A critical plot point in Maevyth’s lunch with Moros is his revelation of the discovery of vivicantem in Mortasia, which brings the theme of Magic as Both a Gift and a Curse into the human realm. Like the Aethyrian nobles who hoard vivicantem despite the Nilivir’s suffering, Moros rationalizes the need for war with the Lyverians by saying, “Their land is brimming with resources. Wasted on such primitive creatures” (135). Moros also highlights the dangers and darkness of magic, in alignment with the dark fantasy genre, by showing Maevyth his collection of “oddities.” When he shows her the “mermaids” he created, Moros says, “I was enamored with the idea of these dangerous, wild women. I wanted to capture one. Tame it into my own little pet” (216). Moros’s misuse of magic highlights how it enables tyrants like Moros to control and manipulate others, including maiming and disfiguring other people to suit their whims. Moros’s creation of the “mermaids” reflects the same motivation as Cadavros in the Prologue, using sablefyre to warp Branimir and Zevander.
These chapters also bring Zevander and Maevyth together and develop a theme of The Struggle of Developing Close Relationships Under Hardship. Maevyth’s blood is necessary for the creation of the septomir, which Dolion suspects could cure both Branimir and Zevander. However, Zevander immediately feels an attraction to her that complicates his mission; when he tells Dolion of his failure to capture her, he imagines a “flash of the girl’s goddess-like face” (205).
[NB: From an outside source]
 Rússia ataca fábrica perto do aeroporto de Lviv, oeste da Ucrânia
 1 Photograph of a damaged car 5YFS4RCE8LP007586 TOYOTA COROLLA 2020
Anathema is a “slow burn” romance, meaning that the main love interests will not fully realize their feelings until later in the novel, but this early flash of attraction establishes Zevander’s inner conflict. Though Zevander is certain of his reasons, saying, “I do not kill for charity, or to rid the world of fucking evil. I kill for purpose, and that purpose was the curse you promised to break” (206), he fails to kill Maevyth, implying that he is already feeling a connection to Maevyth that might contradict the “purpose” with which he went to Foxglove.